Dictionary of National Biography, 1885-1900/Dawson, William

1215803Dictionary of National Biography, 1885-1900, Volume 14 — Dawson, William1888William Boswell Lowther

DAWSON, WILLIAM (1773–1841), Wesleyan, was born at Garforth, near Leeds, on 30 March 1773, being the eldest child of Luke Dawson and his wife Ann Pease. His father was colliery steward to Sir Thomas Gascoigne, bart., of Gawthorpe, for twenty-one years. On his father's death in 1791 William, who was then eighteen, succeeded to this post, which included the management of a farm of a hundred and fifty acres. William, whose parents removed to Barnbow, near Barwick, in his infancy, was educated at the school of Mr. Sanderson at Aberford. He acquired an early taste for reading, and was noticed by Thomas Dikes and John Graham, successively rectors of Barwick. At the request of the latter he conducted a cottage service at Barwick. Graham and other friends wished to send him to Cambridge with a view to his taking orders in the established church. Family and financial reasons put a stop to this plan.

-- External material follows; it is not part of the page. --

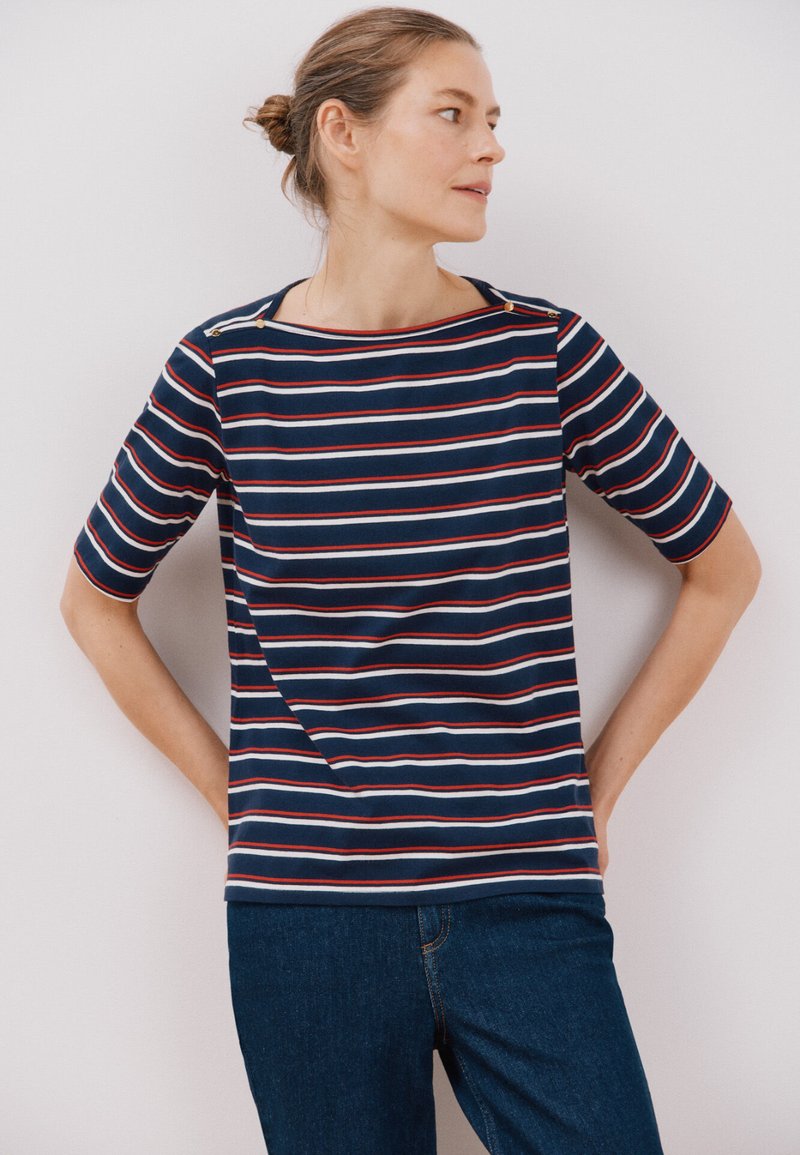 Marine stribet t-shirt med korte ærmer, røde og hvide striber, bådformet halsudskæring og dekorative knapper på venstre skulder. Stoffet er blødt.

Meanwhile he heard several eminent Wesleyan ministers, and after long reflection joined the Wesleyan body and became an accredited lay preacher among them. His popularity steadily increased until he became famous as the eloquent ‘Yorkshire farmer.’ An itinerant preachership was offered him, but his mother and seven young children were dependent upon his income as steward and farmer, and he declined the offer. He possessed a robust frame and irrepressible energy. While labouring hard as a colliery superintendent and a practical farmer he developed remarkable dramatic power, and on the platform and in the pulpit his natural oratory exercised a singular charm, often moving his audiences to laughter or to tears. He took a personal interest in all great public questions, which he turned to account in his addresses, and advocated especially the shortening of the hours of labour in factories.

In September 1837 he was enabled to give himself entirely to public work, and henceforth his whole time was occupied in the opening of chapels, the preaching of anniversary sermons, the advocacy of christian missions among the heathen, and other charitable objects. From Burmantofts, Leeds, where he now lived, he made preaching tours through the three kingdoms. While at Colne, Lancashire, where he had gone to open a new chapel, he died suddenly on Sunday morning, 4 July 1841.

[Private sources; Memoirs by Everett, 1842; Correspondence, ed. Everett, 1842.]